8 Responses to “Is Federal Debt Necessarily Bad?”

  1. Doc99 says:

    I echo John McCain’s sentiment when he called the present Administration’s fiscal shenanigans “Generational Theft.” It’s all politics to be sure.

    “A government which robs Peter to pay Paul can always depend on the support of Paul.” GB Shaw

  2. Liz says:

    DrRich, is the survival of the individual, after consuming healthcare, necessarily neutral to our national economic health? On the one hand, if an individual is saved from death by consuming healthcare and goes on to be very productive in life, then that healthcare would have been a good investment. On the other hand, if someone else is saved by doctors, only to go on to require more and more medical care without contributing anything to the collective, then the individual’s survival has a negative impact on the nation’s economic health.

    Do you happen to know how much of healthcare falls into these extremes? Some people will argue that keeping people healthy is a good investment for our country. And of course, rationing sometimes involves minimizing care that is not such a good investment for our country.


    • DrRich says:


      Your question is a very good one, and it deserves a more thoughtful reply than simply commenting here. I will plan to address it in a formal posting in the near future.


  3. Sara says:

    I would speculate, that a large portion of the healthcare consumption is driven by the Medicare boondoggle. So does keeping the elderly alive longer generate more or less economic productivity?
    I suspect that the elderly might have little chance of any healthcare if economic productivity is the only consideration. How do we mandate “keeping healthy”, and just what does that entail. I would say it does not include many of the private interest mandates that are included each states mandatory coverages. Does keeping healthy mean that at 60 my coverage must include IVF as a basic service, when under PPACA I will no longer have access to routine mammograms at age 75. How often must alcohol and drug abuse treatment be made available? In Massachusetts, there is no limit, you can check yourself in to a facility 30 or 50 0r 100 times. Acupuncture, and aroma therapy are included as a part of Massachusetts Universal Healthcare.
    Not all debt is bad, and perhaps keeping the elderly alive isn’t economically productive, but neither are the multitude of mandated services that are much more than preventative care, or treatment when sick.

  4. GingerR says:

    Borrowing to spend on people’s last year of life doesn’t seem all that good for our nation’s future economic prospects.

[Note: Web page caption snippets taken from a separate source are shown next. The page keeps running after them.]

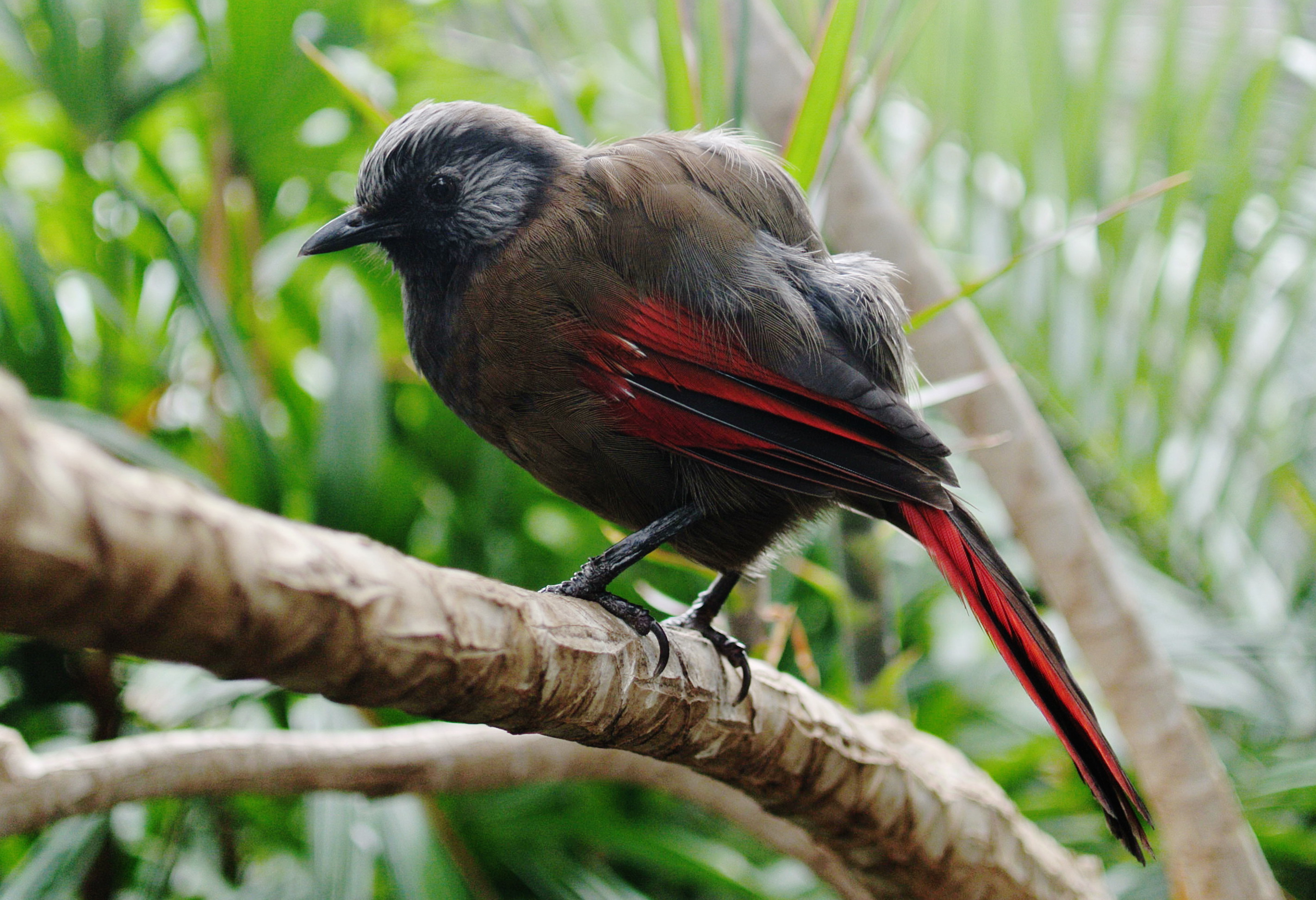 Red-winged Laughingthrush (Trochalopteron formosum)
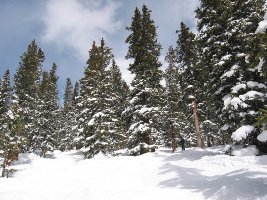 Tree-Skiing-Abfahrt &amp;quot;Wolverine&amp;quot; (Vielfraß). Man sieht die Piste vor lauter Bäumen kaum...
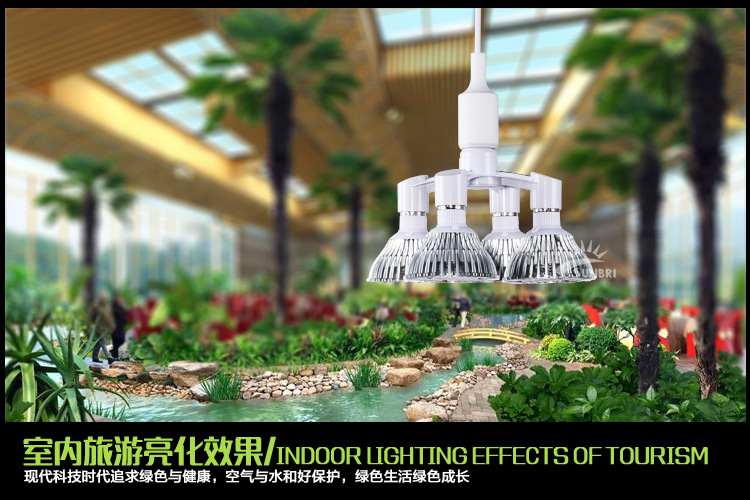 疏散照明和备用照明_得邦照明和明凯照明_照明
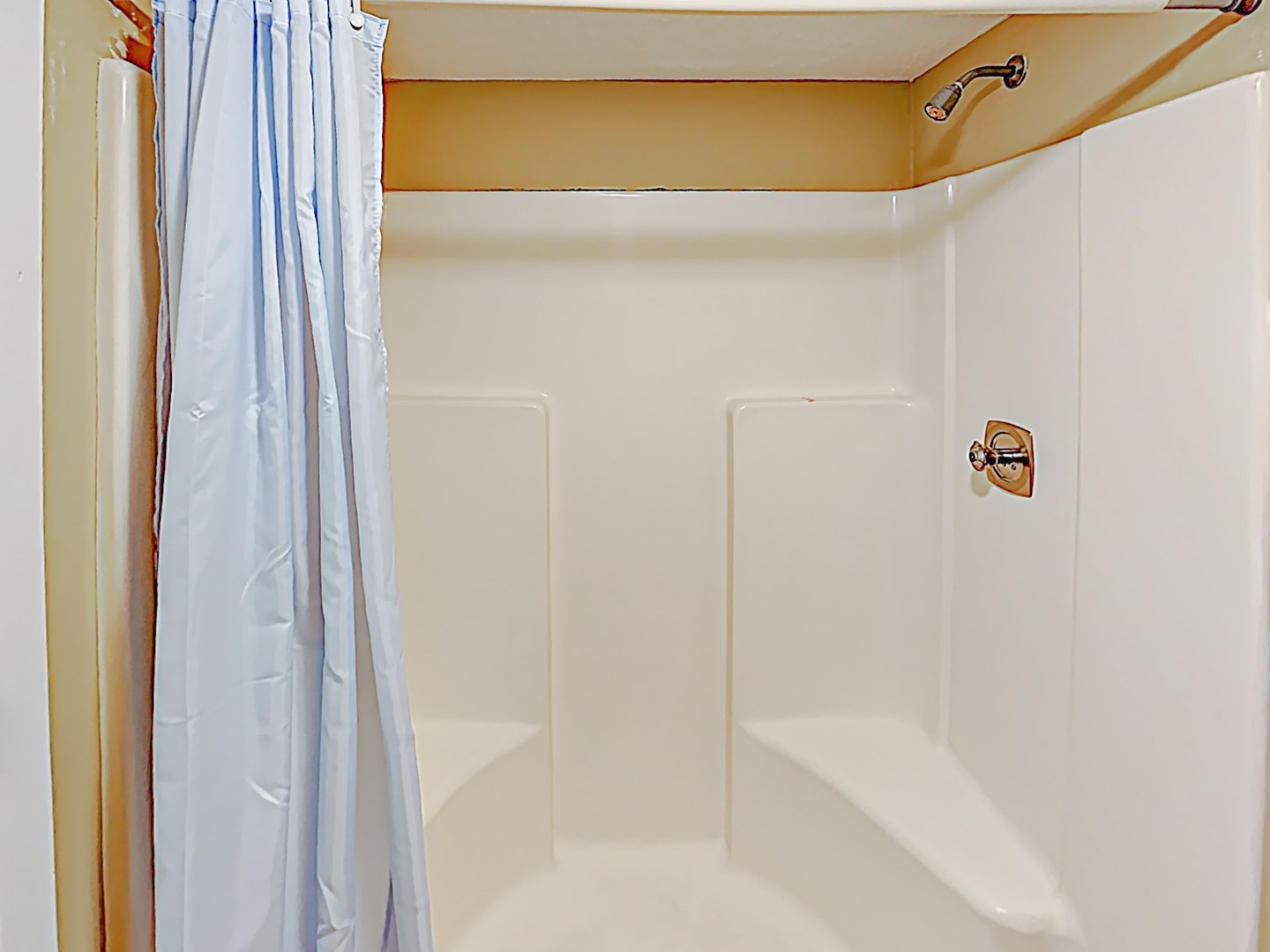 Master Bathroom Shower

  5. Clark E. Griswold says:

    Why do politicians and the media insist on arguing this silly, age old silly topic always the “debt/borrower” side and not the “asset/investor” side??! Hello people, our gov’t sells Treasuries to it’s own citizens, and while it’s a liability on gov’t books, it’s an interest earning ASSET on OUR BOOKS!! The interest we make gets reinvested back into the economy, but not after uncle Sam taxes it first! What you read are half-truths, because it ignores the other side of the accounting entry.

  6. Shine says:

    Too much money is going to Healthcare which is good for the people. If the government can do something do lessen sickness by educating the people on how to eat right, then we wouldn’t be needing to much funding for Healthcare.

  7. Bob Anderson says:

    As far as creating a liability on the government books with treasury bonds, yes it does, but the other side of the accounting occasion it boosts is cash. Why else sell them. Study bond and investment accounting and you will see where that money goes. The interest and principle is a liability, but the only reason a company issues stocks and bonds is to raise capital and that is all the government is doing. As far as taking care of someone’s last year of life, can I pull your plug, or the plug of someone you love. All life is valuable, just because someone may be 75 or older does not mean that they may be finished contributing to society in general.